“Los pacientes no quieren morir, sino vivir; es cuando más valoran su biografía”

El doctor Adriá Gómez es médico especialista en medicina interna y ha realizado el máster en bioética de la Universidad Católica de Murcia. Por su experiencia en una unidad de cuidados paliativos conoce las necesidades y deseos de las personas cuando se acerca la muerte. El doctor Gómez ha comprobado como en esos días se acentúa el deseo de vivir cuando si se reduce el dolor y se acompaña al paciente

Nadie quiere morir, el enfermo quiere vivir, usted nos dice que lo ha podido comprobar ha en su experiencia médica.

Las personas quieren vivir, es excepcional una petición en otro sentido y está más bien condicionada por otro tipo de factores: dolor, mal control sintomático, soledad o ausencia de soporte. Verdaderamente la gente quiere vivir, así lo he comprobado en mi tiempo de servicio en una unidad de cuidados paliativos.

En una unidad de cuidados paliativos, ¿cómo se asiste en la agonía a un ser humano?¿quién mantiene a la familia informada?

Es una situación muy delicada donde afloran muchos sentimientos. La familia suele estar muy nerviosa, es algo que desconocen. Cada vez se ve morir menos a seres queridos en casa e incluso en hospitales. La información juega un papel muy importante, tanto la que se da al paciente como a la familia, que debe ser sincera pero proporcionada. Tenemos que ser sinceros, pero no crueles, no debemos engañar ni al enfermo ni a sus familiares. Con información, la familia puede rebajar el nivel de ansiedad y puede compartir sentimientos. Al final, el paciente y la familia lo que más valora la autenticidad: que tú lo mires a los ojos, poder responder con sinceridad a sus preguntas, aunque sepamos que van a venir días difíciles es mejor la sinceridad. Al paciente y a su familia no se les puede engañar.

¿Cómo se garantizan todos los recursos en una Unidad de Cuidados Paliativos sin de llegar al encarnizamiento terapeútico?

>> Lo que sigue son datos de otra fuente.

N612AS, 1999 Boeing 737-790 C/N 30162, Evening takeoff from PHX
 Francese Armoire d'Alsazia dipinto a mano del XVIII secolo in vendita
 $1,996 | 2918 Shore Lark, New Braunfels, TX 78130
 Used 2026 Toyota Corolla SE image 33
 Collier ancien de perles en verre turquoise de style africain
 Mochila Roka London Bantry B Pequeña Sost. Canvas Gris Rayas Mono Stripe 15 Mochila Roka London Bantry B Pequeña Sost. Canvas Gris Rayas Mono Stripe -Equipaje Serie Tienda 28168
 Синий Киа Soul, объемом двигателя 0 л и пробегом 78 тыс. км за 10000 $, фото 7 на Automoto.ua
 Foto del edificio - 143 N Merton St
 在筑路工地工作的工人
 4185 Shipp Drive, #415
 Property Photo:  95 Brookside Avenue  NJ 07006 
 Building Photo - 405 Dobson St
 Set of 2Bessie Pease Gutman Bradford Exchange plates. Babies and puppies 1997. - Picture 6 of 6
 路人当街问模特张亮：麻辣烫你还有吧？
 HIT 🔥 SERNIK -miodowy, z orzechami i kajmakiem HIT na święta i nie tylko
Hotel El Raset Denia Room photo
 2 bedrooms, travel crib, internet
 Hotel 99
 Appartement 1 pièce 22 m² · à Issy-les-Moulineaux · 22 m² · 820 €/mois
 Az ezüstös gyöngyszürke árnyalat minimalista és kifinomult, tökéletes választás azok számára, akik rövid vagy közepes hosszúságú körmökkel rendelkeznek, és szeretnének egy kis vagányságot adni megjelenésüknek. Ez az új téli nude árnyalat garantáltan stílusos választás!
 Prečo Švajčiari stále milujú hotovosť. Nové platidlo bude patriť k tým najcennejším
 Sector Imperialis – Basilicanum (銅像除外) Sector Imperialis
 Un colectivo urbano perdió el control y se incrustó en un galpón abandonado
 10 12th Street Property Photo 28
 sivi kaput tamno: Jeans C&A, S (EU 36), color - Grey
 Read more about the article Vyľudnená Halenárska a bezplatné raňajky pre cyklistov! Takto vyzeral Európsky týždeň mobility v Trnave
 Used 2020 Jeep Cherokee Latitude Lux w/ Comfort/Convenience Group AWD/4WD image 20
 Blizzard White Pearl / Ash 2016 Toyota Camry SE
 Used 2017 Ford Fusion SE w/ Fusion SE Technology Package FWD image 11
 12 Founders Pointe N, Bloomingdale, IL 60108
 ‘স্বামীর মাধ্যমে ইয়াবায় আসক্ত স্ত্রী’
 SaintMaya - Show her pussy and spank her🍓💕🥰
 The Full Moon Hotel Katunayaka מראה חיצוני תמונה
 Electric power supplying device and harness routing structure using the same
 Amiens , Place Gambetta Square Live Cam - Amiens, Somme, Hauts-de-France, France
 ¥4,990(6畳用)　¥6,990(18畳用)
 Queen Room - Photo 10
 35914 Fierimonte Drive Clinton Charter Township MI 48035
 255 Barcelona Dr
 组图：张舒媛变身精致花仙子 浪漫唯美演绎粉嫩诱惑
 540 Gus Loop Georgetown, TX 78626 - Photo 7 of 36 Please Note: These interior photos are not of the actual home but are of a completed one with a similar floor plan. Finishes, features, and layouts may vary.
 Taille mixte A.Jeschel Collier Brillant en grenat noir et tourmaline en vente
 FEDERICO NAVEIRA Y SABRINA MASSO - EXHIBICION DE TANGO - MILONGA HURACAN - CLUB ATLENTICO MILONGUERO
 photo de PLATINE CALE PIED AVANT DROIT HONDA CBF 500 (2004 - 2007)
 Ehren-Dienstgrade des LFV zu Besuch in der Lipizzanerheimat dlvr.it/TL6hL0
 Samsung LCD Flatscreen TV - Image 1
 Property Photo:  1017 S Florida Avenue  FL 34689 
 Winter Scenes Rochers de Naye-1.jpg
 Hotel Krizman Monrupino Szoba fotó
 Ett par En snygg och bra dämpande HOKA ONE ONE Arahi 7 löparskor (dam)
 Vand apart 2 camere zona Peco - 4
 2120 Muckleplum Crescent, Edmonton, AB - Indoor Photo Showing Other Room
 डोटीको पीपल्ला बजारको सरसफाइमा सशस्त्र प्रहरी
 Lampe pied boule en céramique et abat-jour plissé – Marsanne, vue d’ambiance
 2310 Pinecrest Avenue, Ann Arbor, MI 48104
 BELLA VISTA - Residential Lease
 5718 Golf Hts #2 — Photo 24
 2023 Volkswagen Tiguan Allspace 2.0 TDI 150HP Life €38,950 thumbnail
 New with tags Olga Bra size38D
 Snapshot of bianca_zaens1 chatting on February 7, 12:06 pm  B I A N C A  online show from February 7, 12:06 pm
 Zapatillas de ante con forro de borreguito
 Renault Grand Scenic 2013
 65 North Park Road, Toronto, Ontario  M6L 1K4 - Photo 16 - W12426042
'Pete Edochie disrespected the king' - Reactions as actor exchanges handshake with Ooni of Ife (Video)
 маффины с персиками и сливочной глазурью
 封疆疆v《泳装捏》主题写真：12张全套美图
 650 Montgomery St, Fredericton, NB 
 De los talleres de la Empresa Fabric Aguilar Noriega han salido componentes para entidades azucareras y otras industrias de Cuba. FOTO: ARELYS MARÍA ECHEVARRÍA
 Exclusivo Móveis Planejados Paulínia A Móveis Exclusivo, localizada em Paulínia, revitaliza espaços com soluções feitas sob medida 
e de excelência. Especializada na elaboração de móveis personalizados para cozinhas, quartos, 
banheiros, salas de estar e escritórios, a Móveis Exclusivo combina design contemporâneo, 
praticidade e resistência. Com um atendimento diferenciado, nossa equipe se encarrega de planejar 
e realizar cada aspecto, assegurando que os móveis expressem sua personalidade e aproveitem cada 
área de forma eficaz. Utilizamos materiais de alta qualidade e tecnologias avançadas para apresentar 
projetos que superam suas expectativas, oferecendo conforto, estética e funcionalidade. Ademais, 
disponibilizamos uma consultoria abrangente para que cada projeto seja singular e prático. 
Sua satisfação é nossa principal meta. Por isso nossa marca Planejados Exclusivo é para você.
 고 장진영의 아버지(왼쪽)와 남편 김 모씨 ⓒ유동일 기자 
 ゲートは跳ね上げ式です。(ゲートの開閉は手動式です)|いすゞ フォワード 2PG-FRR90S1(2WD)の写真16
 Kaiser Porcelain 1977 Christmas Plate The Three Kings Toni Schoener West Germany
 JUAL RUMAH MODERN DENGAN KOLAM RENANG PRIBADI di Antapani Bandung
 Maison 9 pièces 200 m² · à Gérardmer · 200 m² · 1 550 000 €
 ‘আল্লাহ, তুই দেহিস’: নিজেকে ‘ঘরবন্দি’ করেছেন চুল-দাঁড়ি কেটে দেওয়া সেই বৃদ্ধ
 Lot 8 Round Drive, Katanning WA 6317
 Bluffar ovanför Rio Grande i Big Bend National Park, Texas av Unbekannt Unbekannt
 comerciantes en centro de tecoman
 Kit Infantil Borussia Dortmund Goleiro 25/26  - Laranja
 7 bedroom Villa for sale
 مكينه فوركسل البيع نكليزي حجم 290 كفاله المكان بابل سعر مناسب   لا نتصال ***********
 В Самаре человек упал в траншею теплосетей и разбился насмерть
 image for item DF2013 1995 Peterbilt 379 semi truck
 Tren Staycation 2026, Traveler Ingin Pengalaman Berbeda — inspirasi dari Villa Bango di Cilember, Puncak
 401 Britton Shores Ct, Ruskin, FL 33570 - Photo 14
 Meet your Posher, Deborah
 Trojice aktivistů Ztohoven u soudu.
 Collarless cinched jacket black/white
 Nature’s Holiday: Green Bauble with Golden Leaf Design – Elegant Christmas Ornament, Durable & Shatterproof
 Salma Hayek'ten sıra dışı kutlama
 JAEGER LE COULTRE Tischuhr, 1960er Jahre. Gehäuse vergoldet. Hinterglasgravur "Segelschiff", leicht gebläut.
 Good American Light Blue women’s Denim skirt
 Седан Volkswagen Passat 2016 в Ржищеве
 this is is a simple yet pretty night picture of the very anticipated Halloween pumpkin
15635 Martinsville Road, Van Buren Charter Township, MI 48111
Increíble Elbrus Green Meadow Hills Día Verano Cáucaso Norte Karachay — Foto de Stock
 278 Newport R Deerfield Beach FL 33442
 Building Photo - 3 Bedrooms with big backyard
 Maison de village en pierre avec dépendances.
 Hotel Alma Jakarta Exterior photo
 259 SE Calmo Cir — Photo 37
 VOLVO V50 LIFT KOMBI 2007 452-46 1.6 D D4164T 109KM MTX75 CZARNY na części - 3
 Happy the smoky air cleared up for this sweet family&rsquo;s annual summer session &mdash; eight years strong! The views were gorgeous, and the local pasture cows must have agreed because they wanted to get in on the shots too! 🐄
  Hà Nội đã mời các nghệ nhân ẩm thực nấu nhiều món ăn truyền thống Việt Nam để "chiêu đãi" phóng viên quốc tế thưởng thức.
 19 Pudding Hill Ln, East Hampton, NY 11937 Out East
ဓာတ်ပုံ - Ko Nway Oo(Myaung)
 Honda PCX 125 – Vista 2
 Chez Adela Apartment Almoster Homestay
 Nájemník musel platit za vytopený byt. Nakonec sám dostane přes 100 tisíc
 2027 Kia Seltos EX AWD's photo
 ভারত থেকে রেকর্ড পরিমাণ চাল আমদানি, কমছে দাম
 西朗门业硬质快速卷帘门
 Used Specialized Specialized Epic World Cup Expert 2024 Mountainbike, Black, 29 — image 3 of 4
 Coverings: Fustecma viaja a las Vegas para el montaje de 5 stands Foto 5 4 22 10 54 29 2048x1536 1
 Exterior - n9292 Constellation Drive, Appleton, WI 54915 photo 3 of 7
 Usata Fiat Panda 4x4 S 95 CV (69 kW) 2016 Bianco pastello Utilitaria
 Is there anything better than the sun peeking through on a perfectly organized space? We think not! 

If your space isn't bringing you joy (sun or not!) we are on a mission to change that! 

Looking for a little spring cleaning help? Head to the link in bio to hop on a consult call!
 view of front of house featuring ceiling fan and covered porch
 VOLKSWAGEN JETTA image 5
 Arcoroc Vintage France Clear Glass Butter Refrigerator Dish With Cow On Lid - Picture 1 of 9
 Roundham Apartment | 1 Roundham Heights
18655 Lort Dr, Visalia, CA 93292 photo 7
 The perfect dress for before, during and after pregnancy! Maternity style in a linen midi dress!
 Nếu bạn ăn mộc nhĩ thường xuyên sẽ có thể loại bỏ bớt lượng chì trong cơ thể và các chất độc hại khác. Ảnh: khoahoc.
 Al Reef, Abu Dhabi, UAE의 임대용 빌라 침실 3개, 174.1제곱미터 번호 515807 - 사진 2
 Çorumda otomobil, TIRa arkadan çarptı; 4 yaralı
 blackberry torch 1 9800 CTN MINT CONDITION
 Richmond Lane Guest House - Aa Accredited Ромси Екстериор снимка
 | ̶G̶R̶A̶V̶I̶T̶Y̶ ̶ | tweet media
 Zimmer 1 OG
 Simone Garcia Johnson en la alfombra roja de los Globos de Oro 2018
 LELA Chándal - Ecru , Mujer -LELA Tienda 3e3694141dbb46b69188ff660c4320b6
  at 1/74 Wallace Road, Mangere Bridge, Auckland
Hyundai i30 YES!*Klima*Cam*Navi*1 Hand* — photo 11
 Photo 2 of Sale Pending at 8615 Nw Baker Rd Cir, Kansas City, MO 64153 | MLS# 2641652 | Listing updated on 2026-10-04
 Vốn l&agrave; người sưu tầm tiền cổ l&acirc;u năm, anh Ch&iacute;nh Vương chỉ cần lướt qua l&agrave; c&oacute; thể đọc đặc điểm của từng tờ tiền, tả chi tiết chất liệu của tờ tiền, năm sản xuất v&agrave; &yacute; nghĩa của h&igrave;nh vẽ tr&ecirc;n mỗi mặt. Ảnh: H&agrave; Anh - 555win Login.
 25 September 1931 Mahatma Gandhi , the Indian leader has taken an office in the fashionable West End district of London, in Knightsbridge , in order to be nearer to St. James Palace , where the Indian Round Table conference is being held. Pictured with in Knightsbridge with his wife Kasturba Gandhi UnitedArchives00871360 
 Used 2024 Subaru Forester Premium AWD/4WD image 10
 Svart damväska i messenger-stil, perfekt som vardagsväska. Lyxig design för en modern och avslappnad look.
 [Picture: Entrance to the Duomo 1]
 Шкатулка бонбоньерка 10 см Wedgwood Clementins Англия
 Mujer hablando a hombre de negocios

Desde los últimos años se han incrementado recursos pero están desbordados, a veces los cuidados llegan tarde. En paliativos son los más cuidadosos en la proporcionalidad de tratamiento y ocurre que muchos especialistas, por desconocimiento ante la muerte, ante la agonía y ante la sedación actúan activamente porque no hay formación en las facultades ni en la mayoría de especialidades. En paliativos, tenemos que llegar a valorar si vamos a conseguir algo con la práctica médica o vamos a hacer más daño al paciente sometiéndolo a muchas pruebas médicas sin clara mejoría del paciente. En paliativos se mira al enfermo, no a la enfermedad y ahí radica la prioridad. Es momento de valorar el esfuerzo terapeútico cuando todas las medidas se han agotado y entender que hay que optar por la sedación paliativa, por ejemplo. Hay que abrir las puertas para que médicos y facultades de enfermería tengan un contacto con este tipo de área porque la filosofía de cuidados es para todos los enfermos. El médico de cuidados paliativos tiene que transmitir al enfermo que no va estar solo.

¿Cuántas personas le han pedido la eutanasia en su trayectoria como médico en una unidad de cuidados paliativos?

Me la pidió en una ocasión un paciente con síndrome refractario del dolor y cuando se controló el dolor, la rechazó y una persona con ELA que todavía no presentaba síntomas de la enfermedad. En ese momento, la ley no lo permitía y éste fue un resguardo para profesionales que no creemos en este tipo de medidas. Después, el paciente lo aceptó, tuvo un buen seguimiento con nosotros y finalmente falleció tranquilamente en su casa.

 ¿La eutanasia quién, cuándo y cómo la pide?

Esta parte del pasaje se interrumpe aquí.